What is it telling the world? It’s telling the world the reason from the point of view of the company, not from the point of view of the, if this, if the departing c. If, if their voice is not in that agreed statement, exit statement, then it will look as though they’re disgruntled and they didn’t want to go and they’ve been pushed out.

That’s not a good luck. Mm-hmm. It just isn’t.

Lawrie: Mm-hmm. Mm-hmm.

Suzanne: So, yeah, I think they’re quite important

Lawrie: and I guess it’s important also for the employer. To be seen as a good employer in the sense of trying to get the next CEO if the CEO is departing.

Suzanne: I think where it gets that, that I absolutely agree, and I think as part of any agreed statement, for example, you might, the company might want to say, well, you know, we’re replacing.

It’s personal. We’ve decided to restructure and appoint this fabulous new individual from this company, and that can be all part of the same agreed statement. I think where it gets tricky is misconduct, where where I see some of my clients who have been, I won’t say found guilty of misconduct, but where the evidence is pretty strong or the investigators found against them.

Trying to extract any kind of greed statement from the company is really quite difficult. And I do get that when I’m acting for companies. You can’t be putting out something that suggests we’ve brushed this under the carpet or that it didn’t, it wasn’t that significant what he did because there’s always the fear that it will come out because of course, the alleged victims that the, that those against whom he has perpetrated his crimes.

Aren’t covered by an NDA necessarily. Mm-hmm. So it could come out later down the line and then, and then the press are gonna track back to this agreed statement and wonder, well, why did you allow that out? Mm-hmm. In those situations, silence is probably better.

Lawrie: So if we move to preventable cases what’s the, the case that you might remember where good leadership might well have stopped it before it got to you. So in a sense, preventing employment disputes actually starting,

Suzanne: I, there’s been so many.This involved a CEO who just could not keep his emotions, could not control his emotions in the sense that when the individual employee made a,complaint internally.

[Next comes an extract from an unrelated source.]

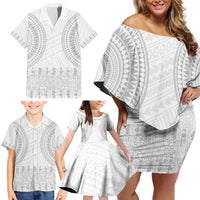 Niue White Sunday Family Matching Off Shoulder Short Dress and Hawaiian Shirt Tapu Fanau Ia Puakenikeni Hiapo Pattern LT14 - Polynesian Pride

He took it extraordinarily badly and strangely. The grievance was not about the CEO, but he had a reasonably close relationship with the alleged perpetrator, and he didn’t like the fact that reputationally, it looked bad for the company. He did not keep his emotions in check. He got very, very angry about it, but unfortunately she recorded him and he lost his rag with her over the phone.

And of course in that moment when you lose your temper and you see the red mist, do you actually consider that a person might have the temerity to be recording you? That recording of course, was admissible even though he didn’t know it was happening. And it was game over. Absolutely. Game over. So good leadership is about not taking grievances personally, whether they’re whistle blowing, whether discrimination, whether anything else.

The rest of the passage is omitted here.